Originally Posted by
Drew Wiley
Certain basics: illumination falloff comes with the territory of wide angle lens design. And the Achilles heel to just deciding to ignore falloff and not invest in a center filter is that once any significant view camera movement is applied - whether rise, tilt, shift, etc - your cone of light is off axis and the falloff itself will no longer be symmetrical in the image. In other words, you might end of with one side of the image significantly darker than the opposite side, or one corner mismatched to another. And don't blame me for complicating things. Blame God or the laws of physics instead. It is just a fact of life, optically.

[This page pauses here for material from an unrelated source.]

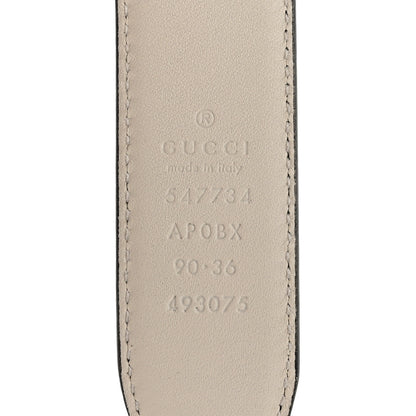 Gucci Calfskin Interlocking G Reversible Belt 90 36 Ivory 5 of 10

And in terms of color film usage, significant density shifts do not necessarily remain color neutral, but can often induce actual hue shifts or color-crossover issues. So in that case, you can't simply dodge or burn away off-axis problems. A center filter becomes even more important. I don't want to go beyond that at the moment; but there are other potential issues too.
Any modern wide angle lens from the big four is designed to handle color film competently. But none of them should be classified as "apo" in the stricter graphics sense; but in general purpose photography they're going to be plenty good enough. Don't take books or calendars as a standard of comparison. In fact, almost no mode of color presentation other than an old fashioned slide show can due justice to hue differentiations achievable with most modern lenses.
The best way to avoid needing center filters is to use regular wide lenses instead of wide-angle ones. That works down to about 120mm for 4X5 coverage, provided you don't need strong architecture-style movements. Once you enter true wide angle territory, worse falloff and that stretched toward corners look becomes inevitable. The Super Symmar 110XL might allow a little more wiggle room with only modest falloff; but they're expensive and the earlier serial number had a serious quality control issue.